*** Opening of INPUT DATA ***

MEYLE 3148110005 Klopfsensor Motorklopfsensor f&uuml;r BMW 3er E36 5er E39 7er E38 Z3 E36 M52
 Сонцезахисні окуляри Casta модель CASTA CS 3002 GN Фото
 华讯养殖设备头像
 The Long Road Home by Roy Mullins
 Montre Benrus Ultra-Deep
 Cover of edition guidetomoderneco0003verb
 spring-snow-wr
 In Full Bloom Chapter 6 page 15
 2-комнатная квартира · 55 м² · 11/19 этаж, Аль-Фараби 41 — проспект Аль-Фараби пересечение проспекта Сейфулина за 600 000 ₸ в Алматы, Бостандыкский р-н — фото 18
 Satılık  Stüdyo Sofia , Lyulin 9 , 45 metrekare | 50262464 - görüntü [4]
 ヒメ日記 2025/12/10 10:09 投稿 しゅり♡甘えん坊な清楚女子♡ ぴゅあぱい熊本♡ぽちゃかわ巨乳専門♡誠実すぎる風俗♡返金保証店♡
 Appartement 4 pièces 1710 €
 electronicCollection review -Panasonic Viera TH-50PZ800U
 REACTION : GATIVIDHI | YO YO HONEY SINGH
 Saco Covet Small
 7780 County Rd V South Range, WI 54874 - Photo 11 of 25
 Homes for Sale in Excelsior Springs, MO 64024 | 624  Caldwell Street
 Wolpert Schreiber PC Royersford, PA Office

*** Close of INPUT DATA ***

Find "spring-snow-wr" in the data above, then repeat that line and all lines after it exactly, ending with the final line.

* RESPONSE
 spring-snow-wr
 In Full Bloom Chapter 6 page 15
 2-комнатная квартира · 55 м² · 11/19 этаж, Аль-Фараби 41 — проспект Аль-Фараби пересечение проспекта Сейфулина за 600 000 ₸ в Алматы, Бостандыкский р-н — фото 18
 Satılık  Stüdyo Sofia , Lyulin 9 , 45 metrekare | 50262464 - görüntü [4]
 ヒメ日記 2025/12/10 10:09 投稿 しゅり♡甘えん坊な清楚女子♡ ぴゅあぱい熊本♡ぽちゃかわ巨乳専門♡誠実すぎる風俗♡返金保証店♡
 Appartement 4 pièces 1710 €
 electronicCollection review -Panasonic Viera TH-50PZ800U
 REACTION : GATIVIDHI | YO YO HONEY SINGH
 Saco Covet Small
 7780 County Rd V South Range, WI 54874 - Photo 11 of 25
 Homes for Sale in Excelsior Springs, MO 64024 | 624  Caldwell Street
 Wolpert Schreiber PC Royersford, PA Office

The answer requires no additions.